You can use Log Service to collect log data and ship the log data to Object Storage Service (OSS) for storage and analysis. This topic describes how to ship log data from Log Service to OSS.

Prerequisites

Background information

Log Service can automatically ship log data from a Logstore to an OSS bucket.
  • You can specify a custom retention period for the log data in the OSS bucket. You can also configure the OSS bucket to store the log data for a long period.
  • You can use data processing platforms, such as E-MapReduce and Data Lake Analytics (DLA), or use custom programs to consume log data from the OSS bucket.

Ship log data

  1. Log on to the Log Service console.
  2. In the Projects section, click the name of the project that you want to view.
  3. Choose Log Storage > Logstores. On the Logstores tab, click the > icon of the Logstore. Then, choose Data Transformation > Export > Object Storage Service (OSS).
  4. On the OSS Shipper page, click Enable.
  5. In the Shipping Notes dialog box, click Ship.
  6. In the OSS LogShipper panel, configure a shipping rule to ship log data to the OSS bucket. Click OK.
    The following table describes the parameters.
    Parameter Description
    OSS Shipper Name The name of the shipping rule.

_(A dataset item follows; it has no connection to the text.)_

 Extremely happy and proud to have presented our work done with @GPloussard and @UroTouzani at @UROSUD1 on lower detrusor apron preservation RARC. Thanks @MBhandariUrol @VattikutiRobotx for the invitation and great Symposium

    The name must be 2 to 128 characters in length, and can contain only lowercase letters, digits, hyphens (-), and underscores (_). The name must start and end with a lowercase letter or a digit.

    OSS Bucket The name of the OSS bucket to which you want to ship log data.
    Notice You must specify the name of an existing OSS bucket. The OSS bucket that you specify must reside in the same region as the Log Service project.
    OSS Prefix The directory to which log data is shipped in the OSS bucket.
    Shard Format The partition format of the directory for a shipping task. The directory is generated based on the time when the shipping task is created. The default format is %Y/%m/%d/%H/%M. The value of this parameter cannot start with a forward slash (/). For information about partition format examples, see Partition format. For information about the parameters of partition formats, see strptime API.
    RAM Role The Alibaba Cloud Resource Name (ARN) of the RAM role. The RAM role is created by the OSS bucket owner for access control. Example: acs:ram::45643:role/aliyunlogdefaultrole. For more information, see How do I obtain the ARN of a RAM role?
    Shipping Size The maximum size of log data that a shard can ship. This parameter is used to specify the maximum size of raw log data that can be shipped to the OSS bucket in a shipping task. Valid values: 5 to 256. Unit: MB.

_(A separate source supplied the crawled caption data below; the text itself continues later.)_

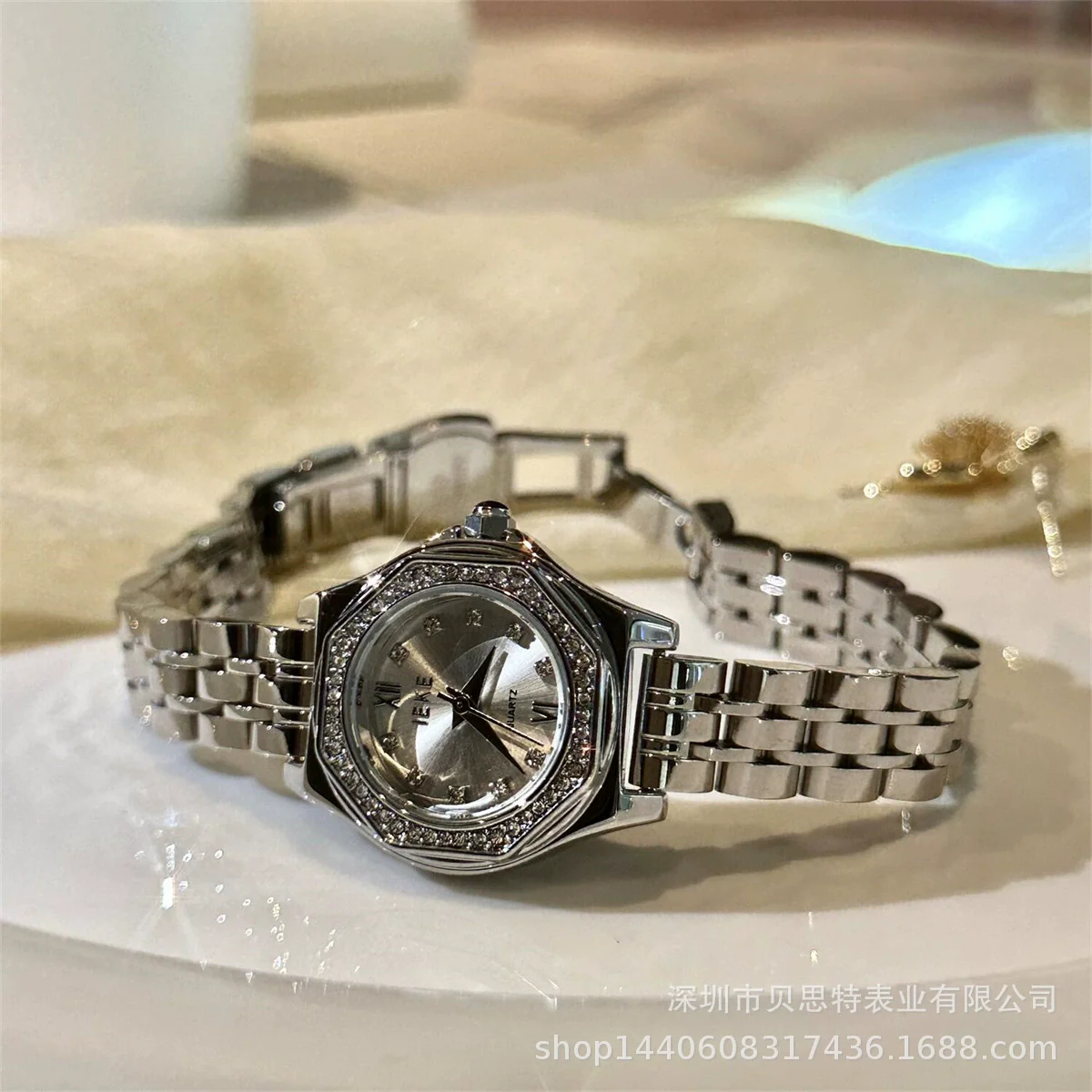 Women's Retro Simple Alloy Steel Band Quartz Watch With Gold Diamond Niche Design - Image 6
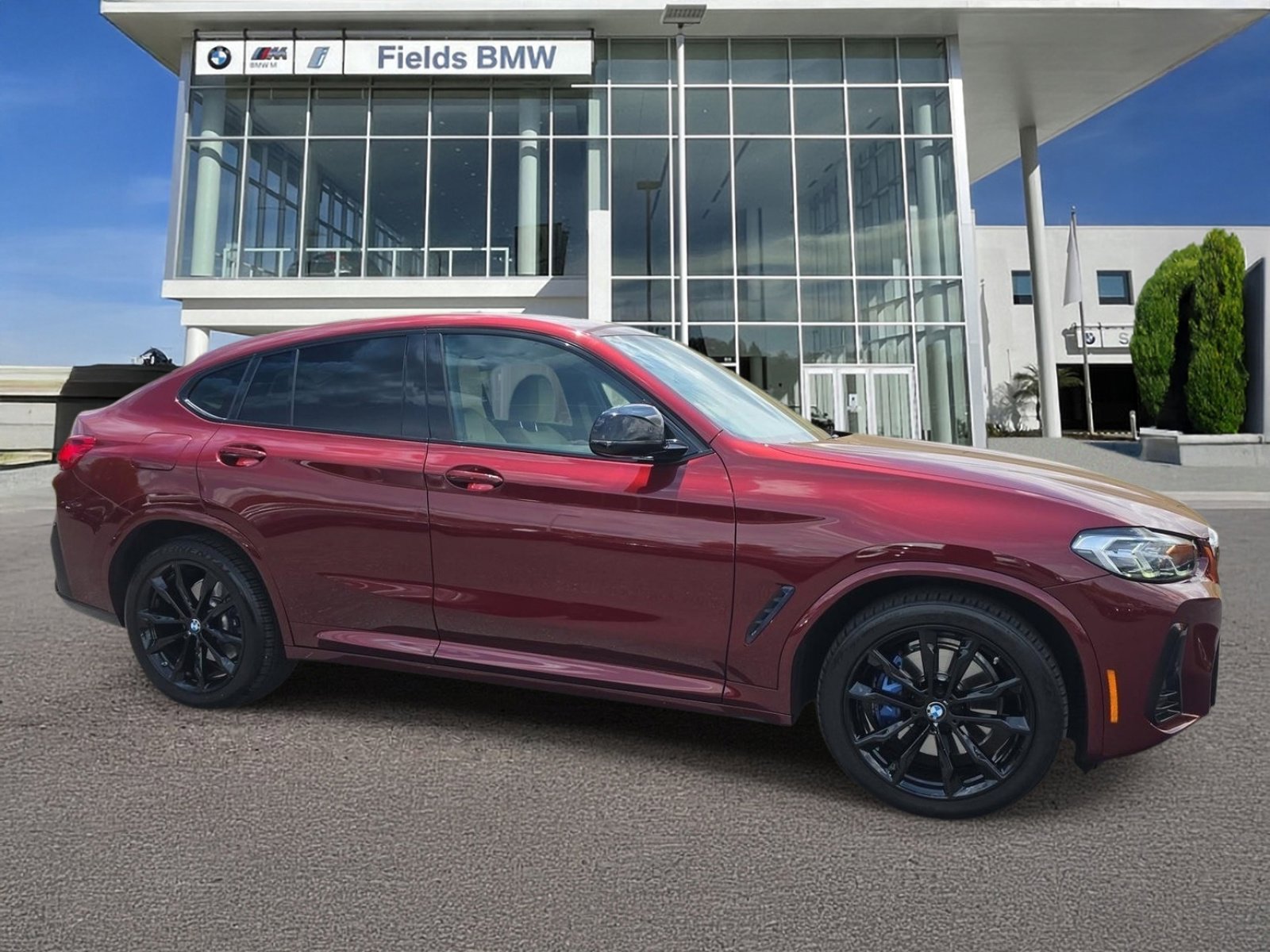 Used 2022 BMW X4 M40i AWD/4WD image 1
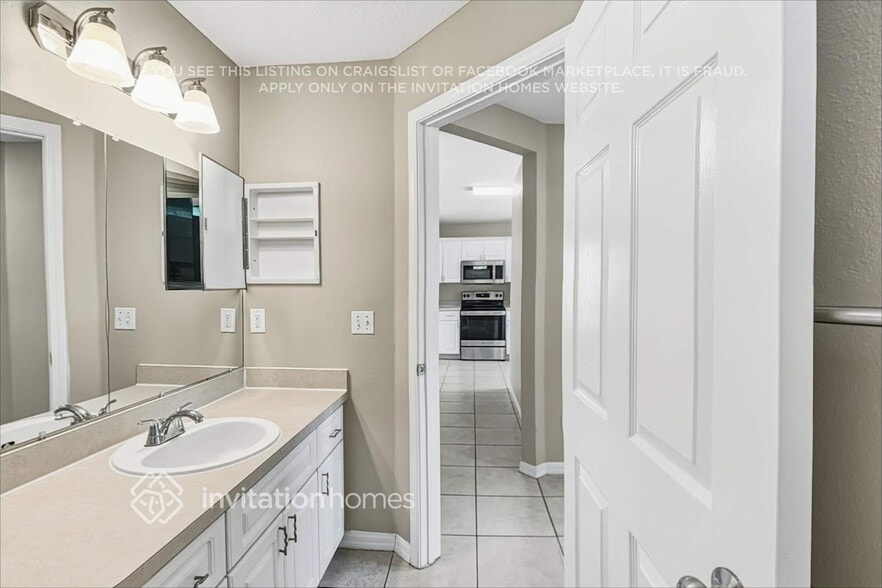 Building Photo - 7462 Oxford Garden Cir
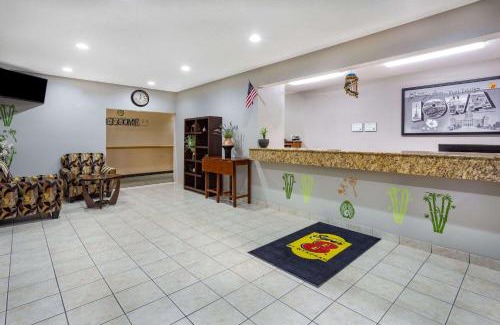 Fort Dodge Hotel | Super 8 by Wyndham Fort Dodge IA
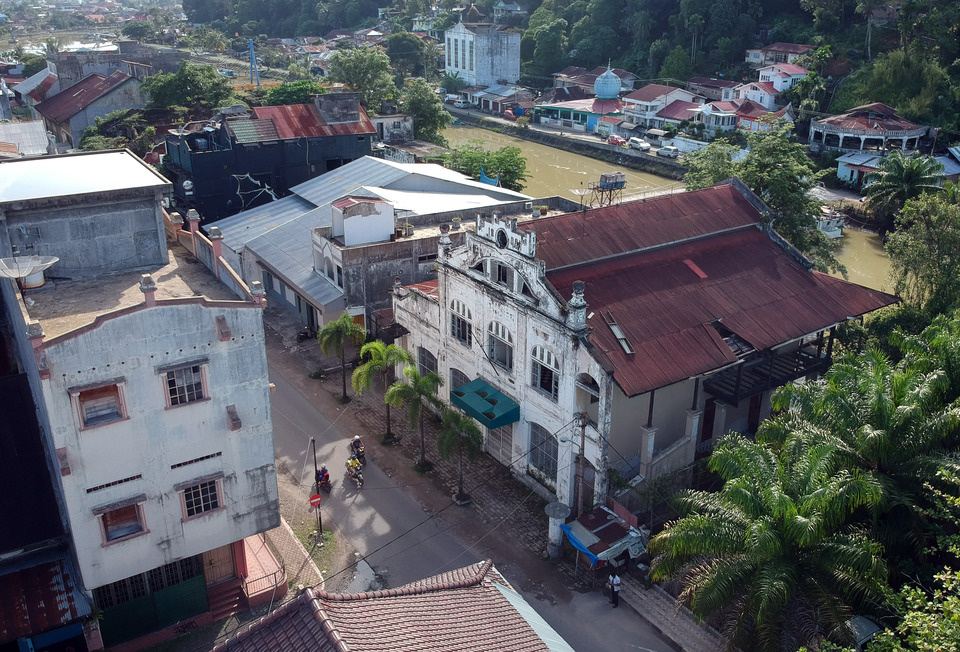 The building of the Padangsche Spaarbank, completed in 1908, seen from the air in the old town area of Padang, West Sumatra, on Thursday. According to the West Sumatra Cultural Conservation Center, there are 79 buildings in the area that could be revitalized and turned into hotels and cafés. (Antara Photo/Iggoy el Fitra)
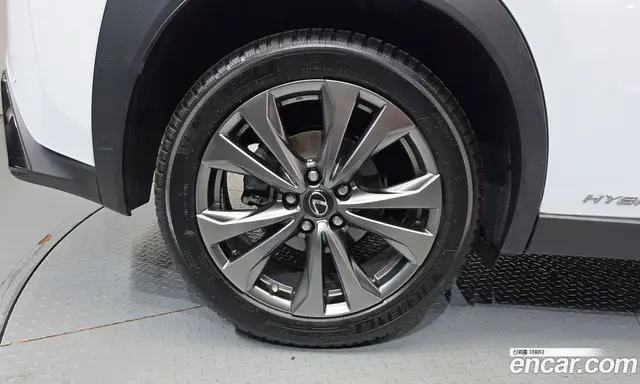 Lexus UX 2020 2.0 автомат (гидро), миниатюра 7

    If the size of data that needs to be shipped exceeds the specified value, another shipping task is automatically created.

    Storage Format The storage format of log data in OSS. After you ship data to OSS, the data can be stored in the JSON, CSV, or Parquet format. For more information, see CSV format.
    Compress Specifies whether to compress log data that is shipped to OSS. Valid values:
    • No Compress: Log data that is shipped to OSS is not compressed.
    • Compress (snappy): The Snappy tool is used to compress the log data that is shipped to OSS. If you select Compress (snappy), less storage space is occupied in the OSS bucket.
    Ship Tags Specifies whether to ship log tags.
    Shipping Time The maximum period for which each shard can ship data. Valid values: 300 to 900. Default value: 300. Unit: seconds.

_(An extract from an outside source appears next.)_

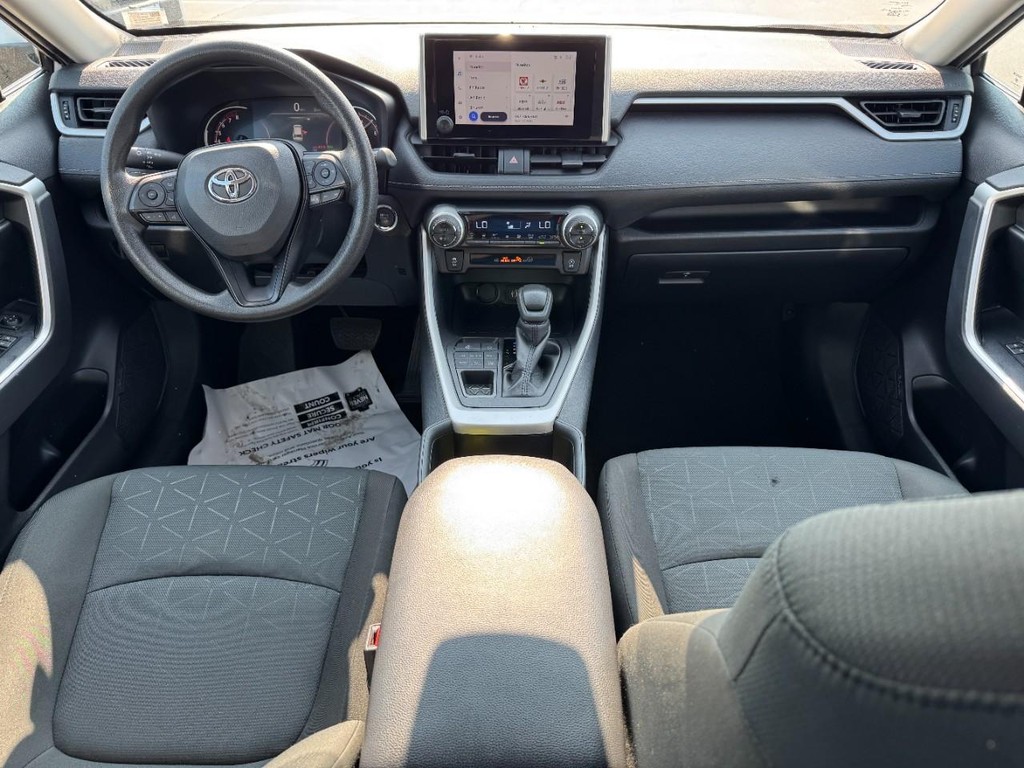 Toyota RAV4 Vehicle Image 13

    If the period for which each shard ships log data exceeds the specified value, another shipping task is automatically created.

    Notice
    • After you configure a shipping rule, multiple shipping tasks can concurrently run. If the size of data that needs to be shipped from a shard reaches the specified size or the specified period ends, another shipping task is created.
    • After you create a shipping task, you can check whether the shipping rule meets your business requirements based on the task status and the data that is shipped to OSS.

View OSS data

After log data is shipped to OSS, you can view the log data in the OSS console. You can also view the log data by using other methods, such as the OSS API or SDK. For more information, see Manage objects.

The following script shows a sample OSS directory:
oss://OSS-BUCKET/OSS-PREFIX/PARTITION-FORMAT_RANDOM-ID
OSS-BUCKET is the name of the OSS bucket. OSS-PREFIX is the name prefix of the directory in the OSS bucket. PARTITION-FORMAT is the partition format of the directory for a shipping task. The partition format is generated based on the time when the shipping task is created. For more information, see strptime API. RANDOM-ID is the unique identifier of a shipping task.
Note A directory in an OSS bucket is created based on the time when a shipping task is created. For example, a shipping task was created at 00:00:00 on June 23, 2016. The data that was written to Log Service after 23:55:00 on June 22, 2016 is shipped to OSS at an interval of 5 minutes. To retrieve all logs that were shipped on June 22, 2016, you must check all the objects in the 2016/06/22 directory. You must also check whether the 2016/06/23/00/ directory includes the objects that are generated in the first 10 minutes of June 23, 2016.

Partition format

For each shipping task, log data is written to a directory of an OSS bucket. The directory is in the oss://OSS-BUCKET/OSS-PREFIX/PARTITION-FORMAT_RANDOM-ID format. A partition format is generated by formatting the time when a shipping task is created. The following table describes the partition formats and directories that are generated when a shipping task was created at 19:50:43 on January 20, 2017.
OSS Bucket OSS Prefix Partition format OSS directory
test-bucket test-table %Y/%m/%d/%H/%M oss://test-bucket/test-table/2017/01/20/19/50_1484913043351525351_2850008
test-bucket log_ship_oss_example year=%Y/mon=%m/day=%d/log_%H%M%s oss://test-bucket/log_ship_oss_example/year=2017/mon=01/day=20/log_195043_1484913043351525351_2850008.parquet
test-bucket log_ship_oss_example ds=%Y%m%d/%H oss://test-bucket/log_ship_oss_example/ds=20170120/19_1484913043351525351_2850008.snappy
test-bucket log_ship_oss_example %Y%m%d/ oss://test-bucket/log_ship_oss_example/20170120/_1484913043351525351_2850008
Note If you use this format, platforms such as Hive may fail to parse log data in the OSS bucket. We recommend that you do not use this format.
test-bucket log_ship_oss_example %Y%m%d%H oss://test-bucket/log_ship_oss_example/2017012019_1484913043351525351_2850008

You can use big data platforms such as Hive, MaxCompute, or DLA to analyze OSS data. In this case, you can set PARTITION-FORMAT in the key=value format if you want to use partition information. For example, you can set the partition format to oss://test-bucket/log_ship_oss_example/year=2017/mon=01/day=20/log_195043_1484913043351525351_2850008.parquet. In this example, the year, mon, and day columns are specified as partition keys.

Related operations

After shipping tasks are created based on a shipping rule, you can modify the shipping rule on the OSS Shipper page. You can also disable the data shipping feature, view the statuses and error messages of the tasks, and retry failed tasks.
  • Modify the shipping rule.

    Click Settings to modify the shipping rule. For information about parameters, see Ship log data.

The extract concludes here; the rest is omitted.